Research studies

Cystic Fibrosis (CF) is the most common lethal inherited condition affecting our community. The gene abnormality on chromosome 7 is inherited in an autosomal recessive manner. The Australian population has a carrier frequency of 1/25, with CF affecting 1/2500 births. The majority of children born with CF will die from progressive lung disease in early to mid adulthood. Lung disease develops initially in the peripheral lung and progresses to bronchiectasis (airway wall destruction with airway dilatation). Once established, bronchiectasis is irreversible and progresses to respiratory failure and death in the majority of patients.

Newborn screening (NBS) for CF was introduced into Australia 30 years ago but only became national when introduced into WA in 2000. The premise underlying NBS is that early diagnosis before the onset of lung disease will improve clinical outcomes; however the promise of improved disease outcomes has not been fully realised. The most clearly demonstrated benefit from NBS in CF has been improved nutritional status, with no documented improvement in respiratory outcomes. Why has the introduction of NBS for CF not seen improved respiratory outcomes? One possibility is that children are still not being diagnosed and treated appropriately before the onset of destructive lung disease.

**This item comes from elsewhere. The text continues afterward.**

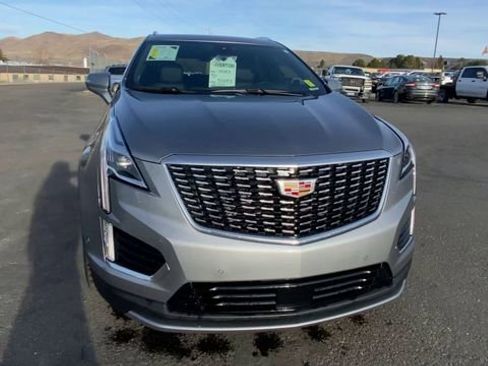 Used 2025 Cadillac XT5 Premium Luxury w/ Technology Package AWD/4WD image 3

A major gap in our knowledge exists about when various components of CF lung disease begin. While lung disease clearly begins very early, we can not answer whether pulmonary inflammation in response to environmental exposures is an initiating event that predisposes to early acquisition of lower airway bacterial infections or whether infection occurs first and triggers inflammation. Longitudinal data tracking lung function from diagnosis following NBS have not yet been published. No group has reported data showing, on a population basis, the onset and progression of structural lung damage from birth in children with CF.

The AREST CF has developed a comprehensive research program aimed at the early detection of lung disease that involves assessment in the first months of life following detection by NBS annually until the age of 6 years. These data are used to understand how lung disease develops, optimize current clinical treatment, and design and test new preventative treatments to improve outcomes for children with CF.